**EXERCISE DATA**.
======

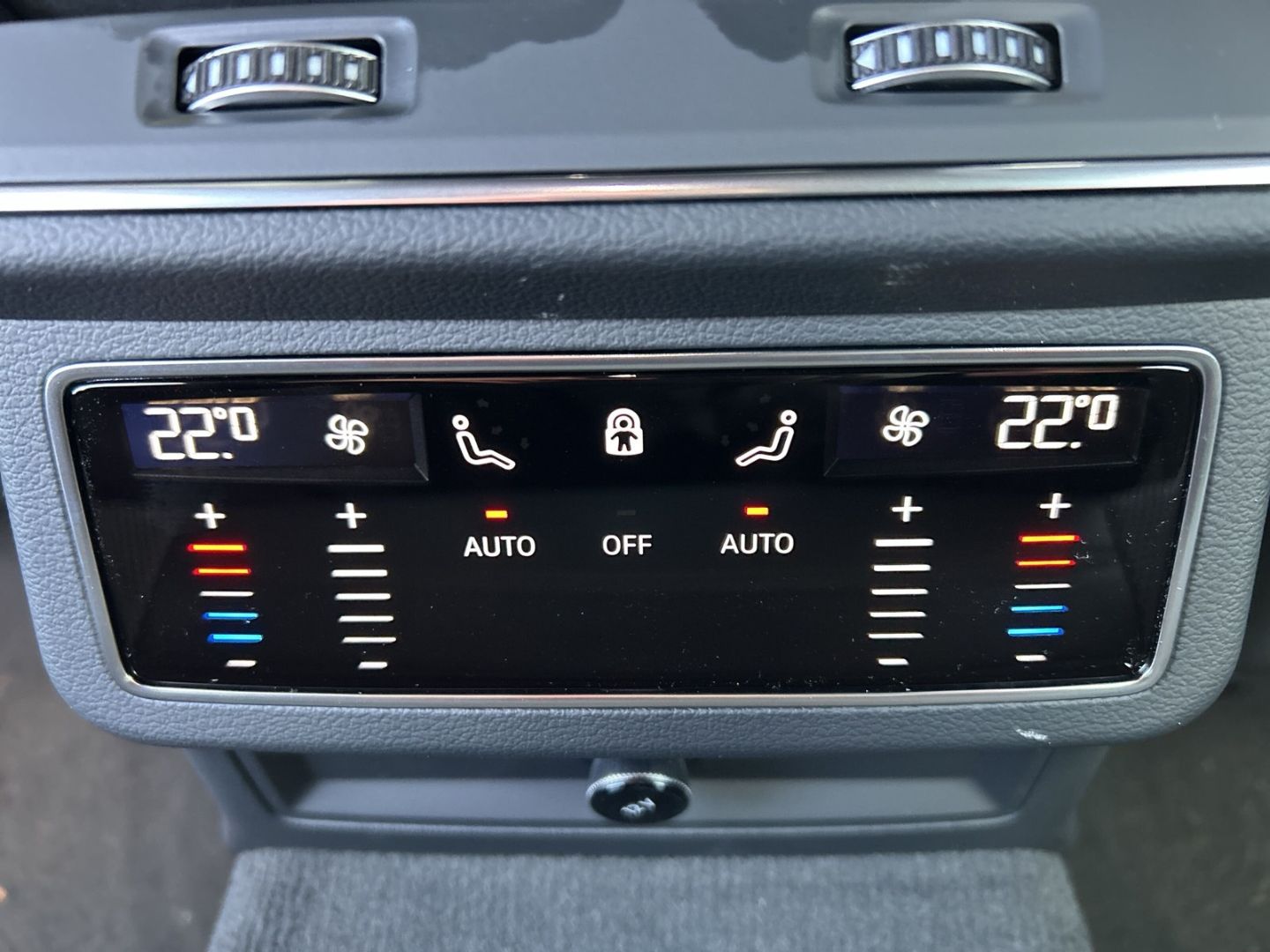 Fahrzeugabbildung Audi A6 AVANT 40TDI QUATTRO LED,AHK,VIRTUAL,360KAMERA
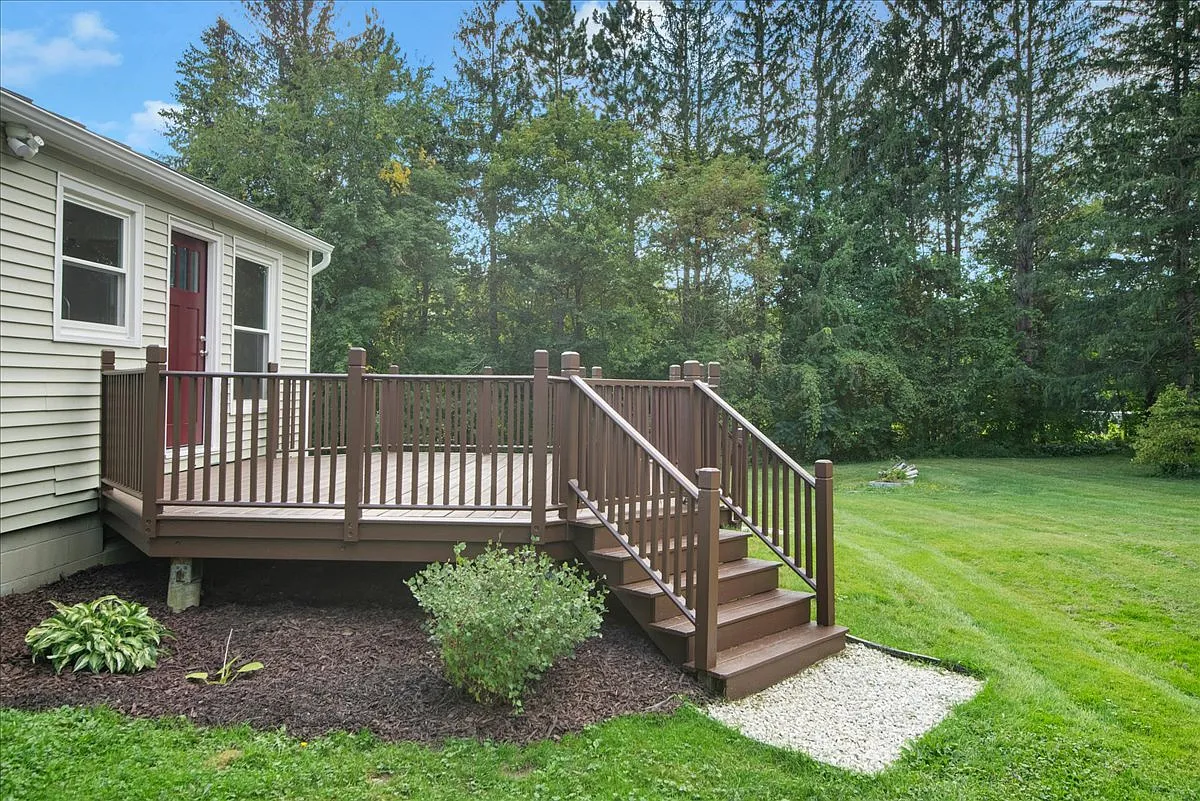 3 bed, 1288 sqft, $3,800 — Photo 3
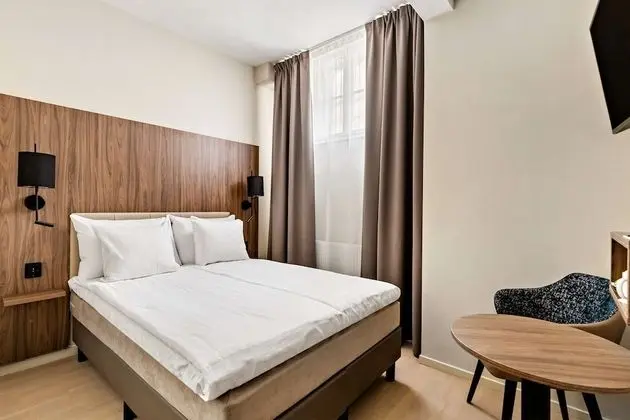 Standard Oda, 1 Çift Kişilik Yatak, Sigara İçilmez, Penceresiz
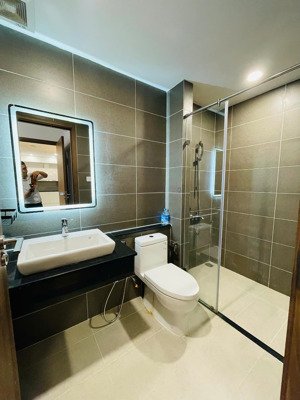 cho thuê ch 2pn, 72m2 tại the rivana, 7,5 tr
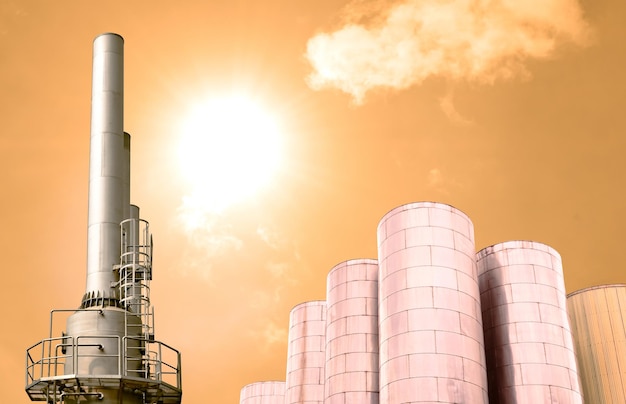 Verschmutzung des Konzepts der globalen Erwärmung in die Atmosphäre durch Schornstein-Industrieanlagen am gelben Himmel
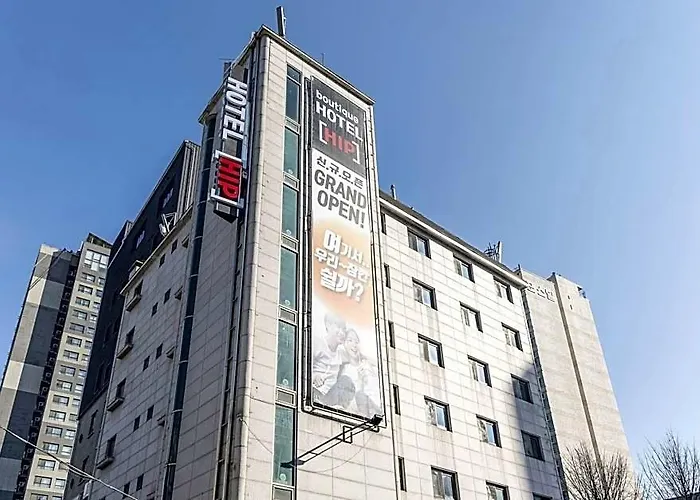 Hotel Sinchon Boutique Hip 2*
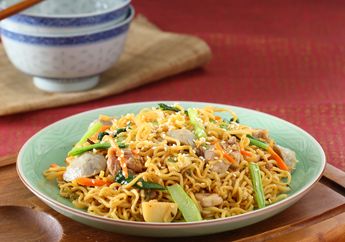 Kehabisan Ide Sarapan? Yuk, Coba Bikin Resep Mi Goreng Oriental yang Super Yummy ini!
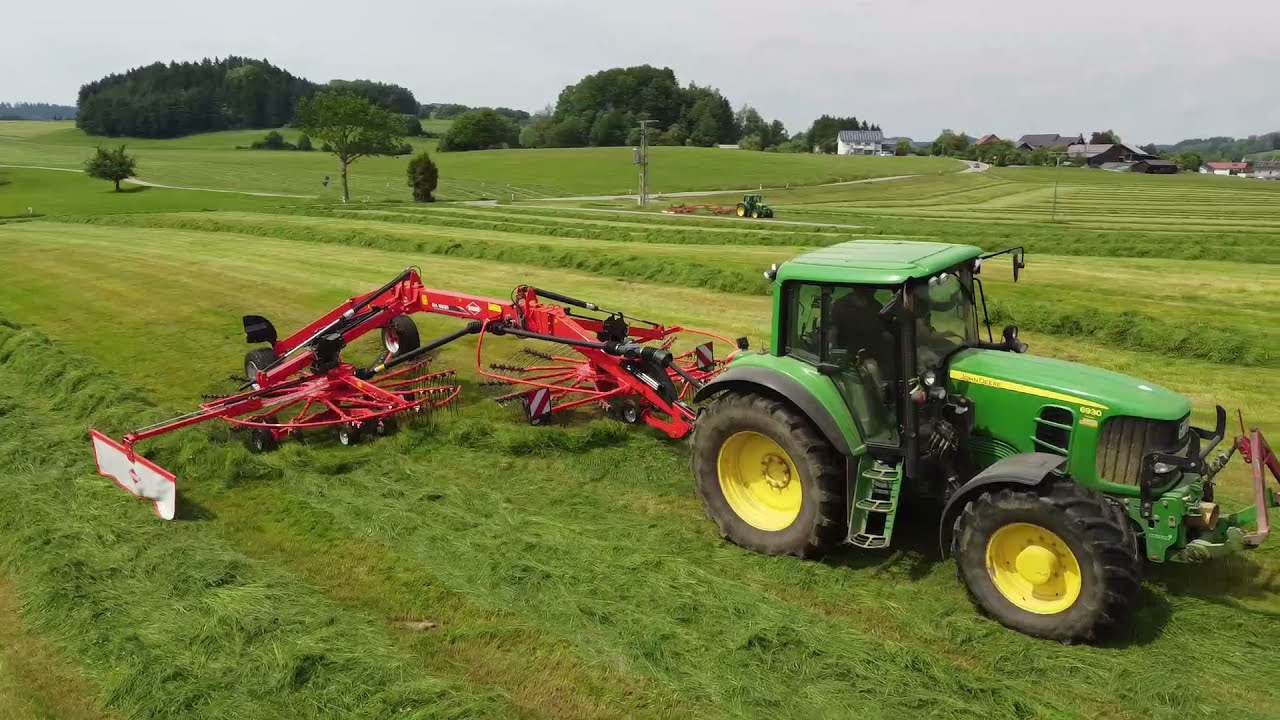 Kuhn GA 8830 Schwader mit John Deere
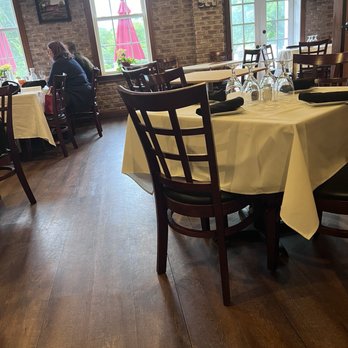 Blooming Grove Inn - Italian Near Me - Ewing Township, New Jersey Blooming Grove Inn - Italian Near Me - Ewing Township, New Jersey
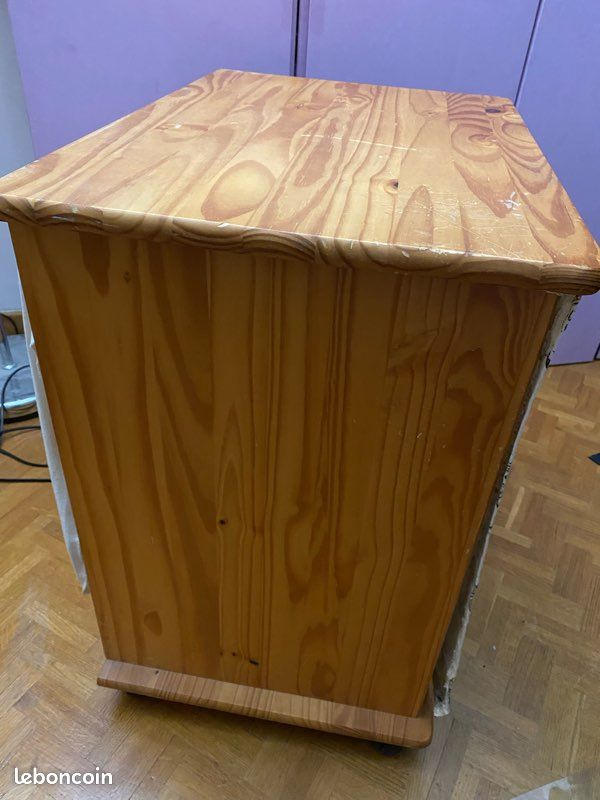 Commode meuble de chevet en bois sur roulette 3 étages (image 2)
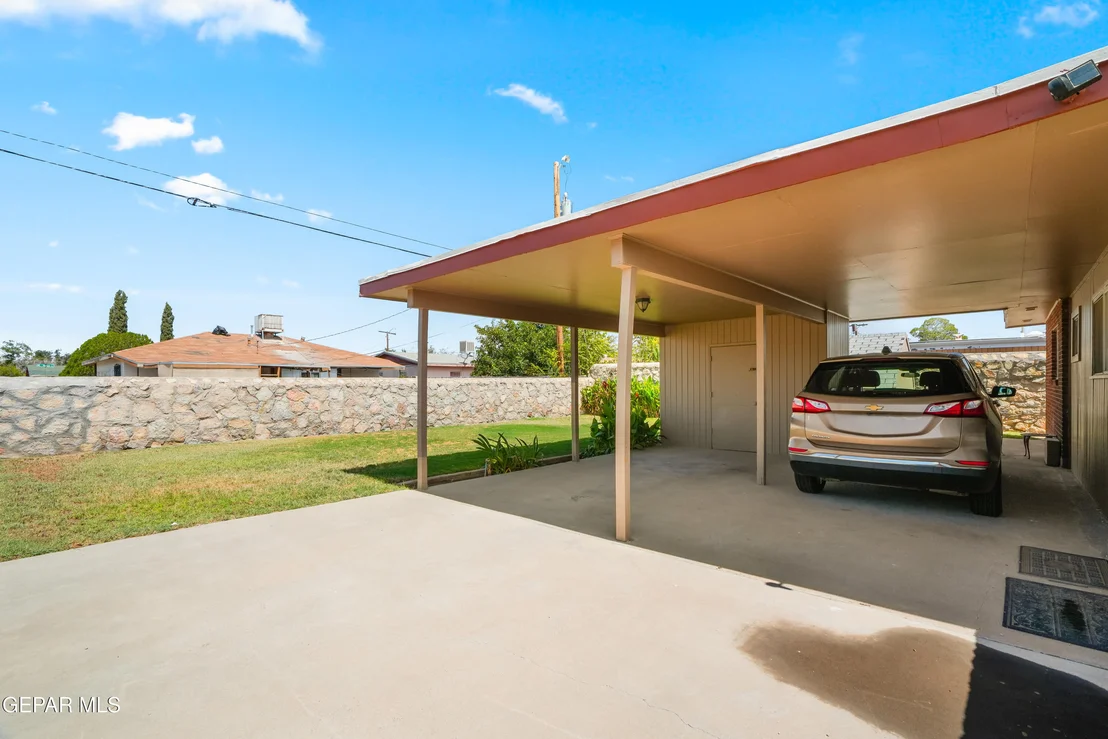 Photo of 5001 BLUE RIDGE Drive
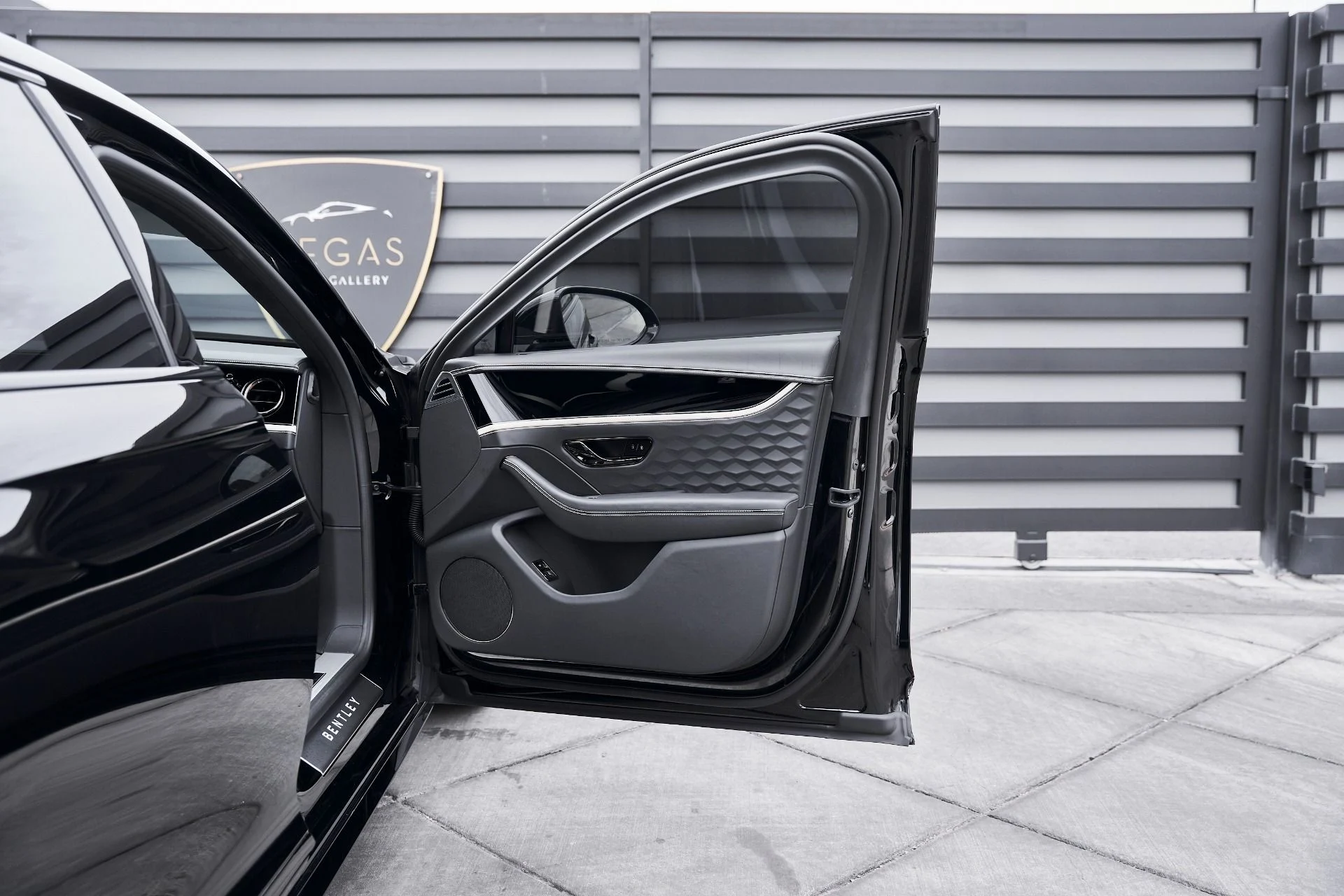 mph020_1961386037_Used_2025_Bentley_Flying_Spur_Speed_1769137044_4b9cb6c514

======

**TASK TO COMPLETE**. Pictures do not go in the copy; print every entry exactly as it stands.

**RESPONSE AREA**.
 Fahrzeugabbildung Audi A6 AVANT 40TDI QUATTRO LED,AHK,VIRTUAL,360KAMERA
 3 bed, 1288 sqft, $3,800 — Photo 3
 Standard Oda, 1 Çift Kişilik Yatak, Sigara İçilmez, Penceresiz
 cho thuê ch 2pn, 72m2 tại the rivana, 7,5 tr
 Verschmutzung des Konzepts der globalen Erwärmung in die Atmosphäre durch Schornstein-Industrieanlagen am gelben Himmel
 Hotel Sinchon Boutique Hip 2*
 Kehabisan Ide Sarapan? Yuk, Coba Bikin Resep Mi Goreng Oriental yang Super Yummy ini!
 Kuhn GA 8830 Schwader mit John Deere
 Blooming Grove Inn - Italian Near Me - Ewing Township, New Jersey Blooming Grove Inn - Italian Near Me - Ewing Township, New Jersey
 Commode meuble de chevet en bois sur roulette 3 étages (image 2)
 Photo of 5001 BLUE RIDGE Drive
 mph020_1961386037_Used_2025_Bentley_Flying_Spur_Speed_1769137044_4b9cb6c514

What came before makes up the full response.